Dealing with outliers
Graphically ‘outlier’ is the term often used to describe values that may represent error. However outliers and error are not synonymous. The term “outlier” is used to describe an observation that is unexpectedly different from the other values (compared with either the next closest values or the mean). Outlying values may be due to error, chance, or they may reflect variation and a ‘true’ difference. Depending on the nature and source of the observations the variability may exist because the observation comes from a different population to the others. Review of the experimental procedures and data handling may suggest the likelihood of the outlier being an erroneous value. Understanding the population the sample is drawn from may assist in assessing whether the outlier could plausibly be due to variation occurring biologically. Various statistical methods exist to deal with outliers. In general terms the magnitude of ‘difference’ is quantified (eg. mean-outlier), and then is divided by a measure of the spread of values (eg range or standard deviation). Z scores are often used for this purpose ( Z = (mean-value)/SD). Z scores work best if the mean and SD are alredy known for the population which was sampled. Statistics such as p values can be calculated to estimate the probability of this result occurring by chance (or randomly). Grubb’s test uses the Z value of the largest single outlier and compares this with a table of critical Z values for the sample size, where calculate values greater than critical values imply p< 0.05 (6) . In general there are different approaches of dealing with outliers. If data points are felt to be erroneous they should be commented out rather than deleted.
Introduction by Anita Sumpter (2008).
References
- http://simple.wikipedia.org/wiki/Error
- http://www.encyclo.co.uk/define/Error
- Bourne D. Mathematical Modeling of Pharmacokinetic Data. CRC Press, Boca Raton, 1995.

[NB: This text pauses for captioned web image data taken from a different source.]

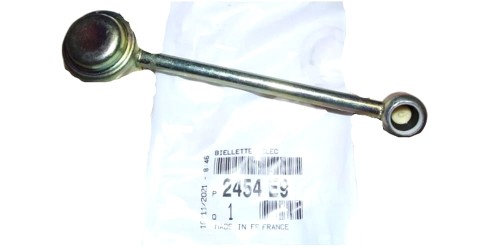 a1e9382edc9e0b91f761b42c8a81af09
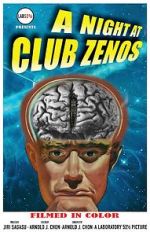 Watch A Night at Club Zenos Vodlocker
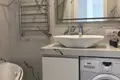 3 room apartment 60 m² in Minsk, Belarus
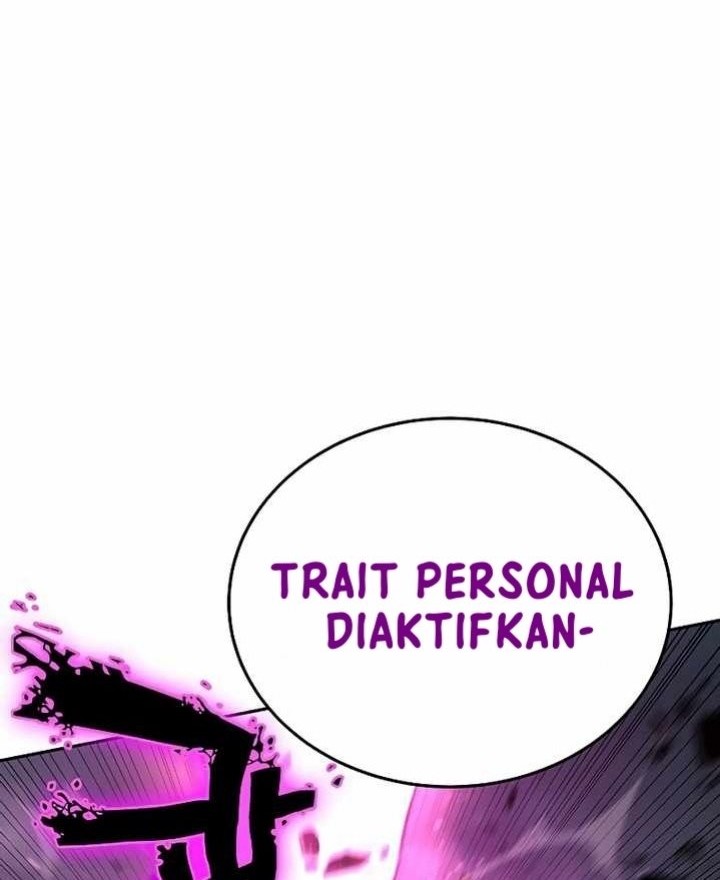 X Ash Chapter 46 Gambar 134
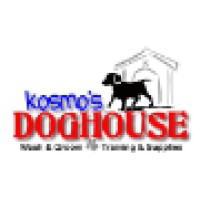 Kosmo'S Doghouse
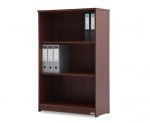 PKFR 02 (Filing Rack )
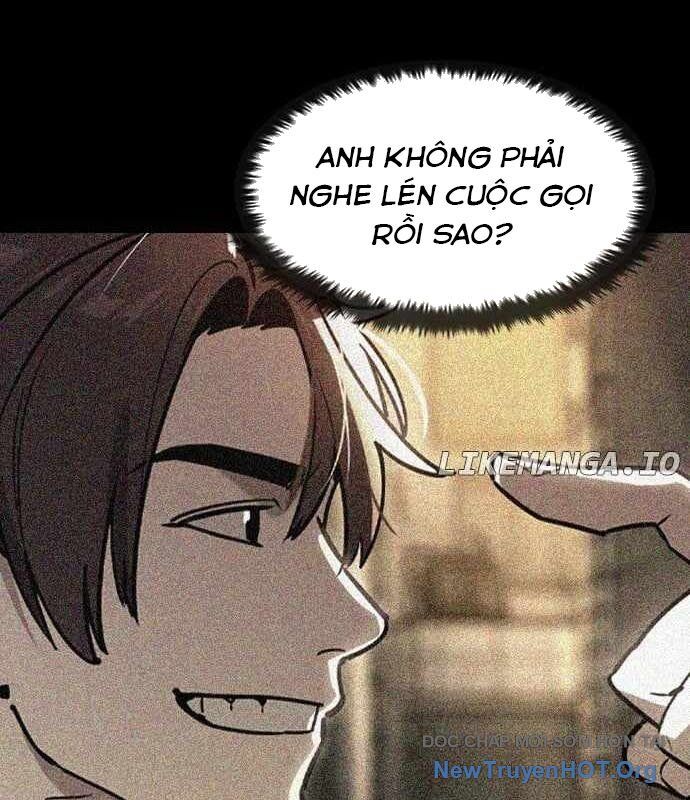 Quý Công Tử Chapter 35 - Next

- http://curvefit.com/linear_vs__nonlinear.htm
- Spilker ME, VIcini P. 2001. An evaluation of extended vs weighted least squares for parameter estimation in physiological modelling. J Biomed Inform. 34(5):348-64.
- http://www.graphpad.com/articles/outlier.htm, Motulsky, H. "Detecting Outliers" .
Excel
In order to use the Excel Solver function you may need to install it on your computer. First see if it is installed by looking in the Data Analysis section of the ribbon control. If you don't see the word Solver you need to install it as follows:
Click on the Excel circular button at the top left hand side of the Excel menu.
Click Excel Options, Add-Ins, Go...
Check the Solver Add-in box then click OK.
Parameter estimation
Find the file Pharmacometrics Data\Error Models and Objective Functions\olsels.xls
- Open olsels.xls in Excel.
- Find the linols worksheet.
- Examine the linols worksheet.
- How is the value of Ytrue computed?
- What are the parameters of this model?
- Find the cells of the sheet that specify the parameters (Pest column). Change the parameter values until you think you have got the predicted Y line (blue) to 'fit' the Yobs (yellow triangles) as best as you can using the 'eyeball' method.
- Note your parameter value estimates and the value of the OLSi sum of squares (ss).
- Use the Data Analysis Solver to use the Excel Solver to minimize the OLSi ss.
- Experiment with the Solver Options to find out what they do.
- Compare the Solver parameters and OLSi ss with your 'eyeball' estimates.
- Repeat steps 3.1 to 3.6 with the linels, bo1ols, bo1els and ka1ss worksheet. Use the OLSi ss for the ols sheets and ELSi ss for the els and ka1ss sheets.
- Copy the linels worksheet to a new worksheet emaxels and implement an Emax model instead of the linear model. Save this worksheet as a separate file. You may choose to implement any one (or all 3) of the objective function methods with the Emax model.
Learning
- Summarise the results you got from the Workshop Parameter Estimation steps..
- You may find the article: Detecting outliers, of interest in relation to understanding the observations that error models try to describe.